Rent, own, or subscribe? A plain-English guide to website ownership.
Not every business benefits from owning their website's code — but every business should know what they're renting, subscribing to, or buying. Here's the real breakdown.
“Do I own my website?” sounds like a simple question. It isn't. There are actually four different things wrapped inside every website, and most businesses own some of them and rent others without realizing it.
Here's the breakdown, and why the answer matters less than you'd think.
The four things a “website” is made of
1. Your domain
You buy this on a registrar (GoDaddy, Namecheap, Cloudflare, etc.) and you own it forever as long as you keep renewing — typically $15/year. This one's easy: always register your own domain, at a neutral registrar, with your own payment method. Never let an agency or platform register it “for” you under their account.
2. Your content + data
Your copy, your images, your customer list, your lead submissions, your analytics. This should always be yours, exportable as CSV/zip whenever you ask. Good agencies make this explicit. Platforms like Shopify and Mailchimp let you export. Some older CMSes and proprietary platforms make this painful on purpose.
3. Your hosting
The actual server running the site. You can own this (your own Vercel/AWS/etc. account), or someone else can host it for you (any agency with a subscription model, or any DIY platform like Wix/Squarespace). Hosting ownership is actually less important than people think — moving hosts is a weekend project if you own the code.
4. Your code
The actual application that generates the site. This is the one where the rent/own/subscribe distinction genuinely matters.
Three common arrangements
Renting (Wix, Squarespace, default Shopify themes)
You pay a monthly fee. You don't own the code and you can't take it with you. If the platform raises prices, kills a feature, or goes under — you start over.

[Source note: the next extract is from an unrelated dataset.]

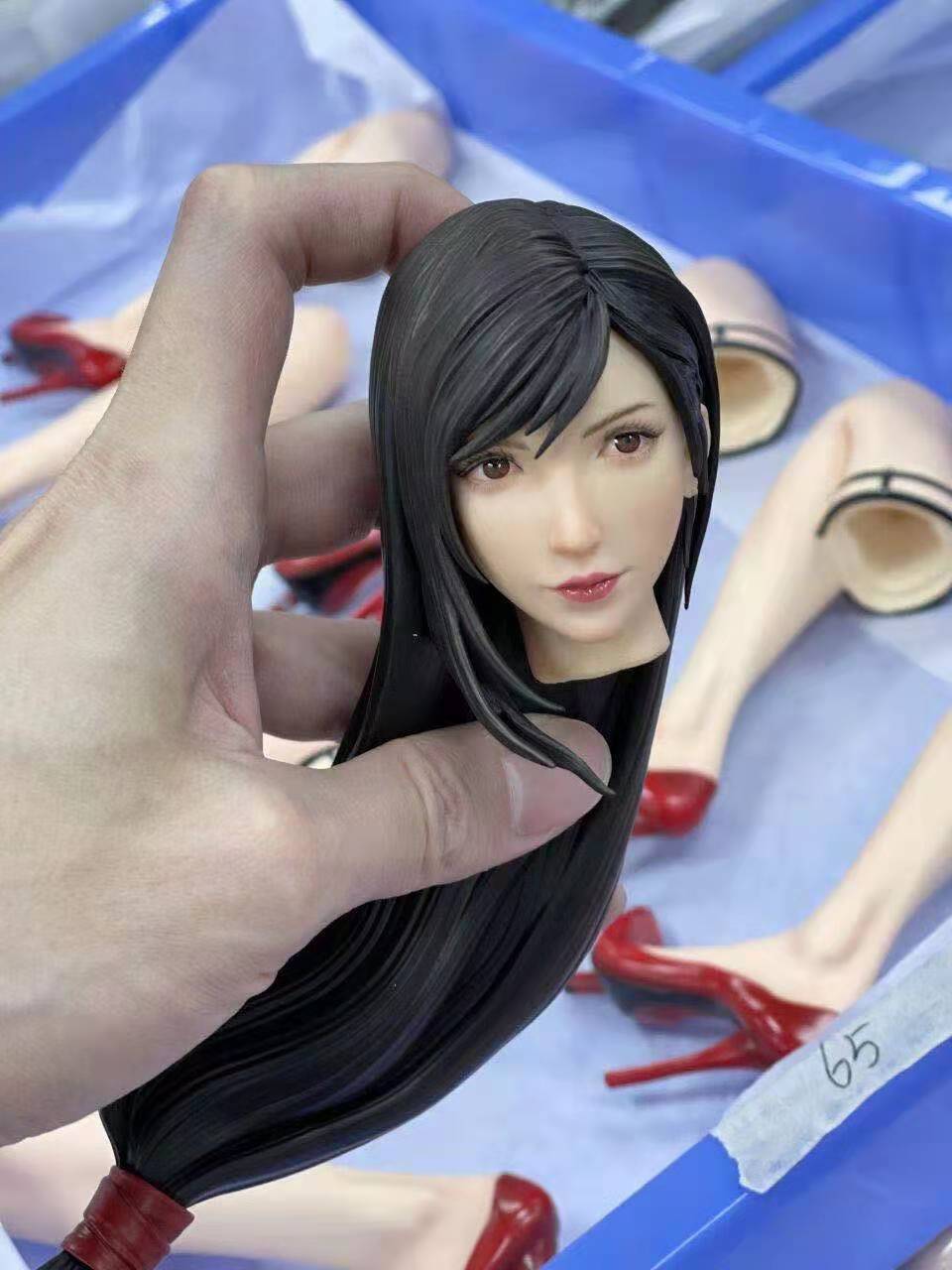 ada wong resin statue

The trade-off: cheap, fast to set up, no technical knowledge needed.
Good for: businesses under $500k/year in revenue where the website is purely informational.
Buying (custom agency build, typically $10k–$50k upfront)
You pay a large fee once and walk away with the source code in your own GitHub repo. You own the code forever. But you're also responsible for hosting it, maintaining it, updating dependencies, fixing bugs, and handling security patches. If you don't do any of that, your shiny owned website gradually rots.
Good for: larger businesses with in-house technical staff or a long-term retainer agency relationship.
Subscribing to a managed service (our approach)
Between rent and own. You pay a monthly fee that covers hosting, code, maintenance, security updates, and ongoing improvements — but unlike Wix/Squarespace, the code is real production-grade code (not a drag-and-drop constraint), and there's a clear buyout option at any time. You own your domain, content, and data; we own the code; you can buy it out ($9,500 at Orbit) whenever you want to take it and go.
Good for: small and mid-sized businesses that want the performance of a custom build without the upfront cost or the ongoing maintenance burden.
So do you actually need to own your code?
Probably not. The real questions to ask instead are:
- Can I leave? What's the exit path? Is it priced? Is it in writing?
- Can I take my data? Content, customers, leads, analytics — all exportable?
- Am I locked into their pricing? If they double the fee, what's my alternative?
- What happens if they disappear? Is there a contingency plan?
A good subscription arrangement answers all four: yes, yes, no (price locks + buyout option), and you get the code in an emergency. A bad subscription arrangement (Wix, lots of “web designer” outfits) fails most of them.
The Orbit approach
We're explicit about this in our Service Agreement: you always own your domain, content, leads, and data. We own the source code during your subscription. You can buy it out anytime for $9,500 (same price, no escalation, written in the contract). If we ever wind down, we hand you the code repo and 60 days of migration help at no charge.
That's different from Wix/Squarespace (no buyout possible) and different from a traditional $20k agency build (huge upfront, ongoing maintenance is your problem). It's the middle path — and for most small businesses, it's the one that actually makes sense.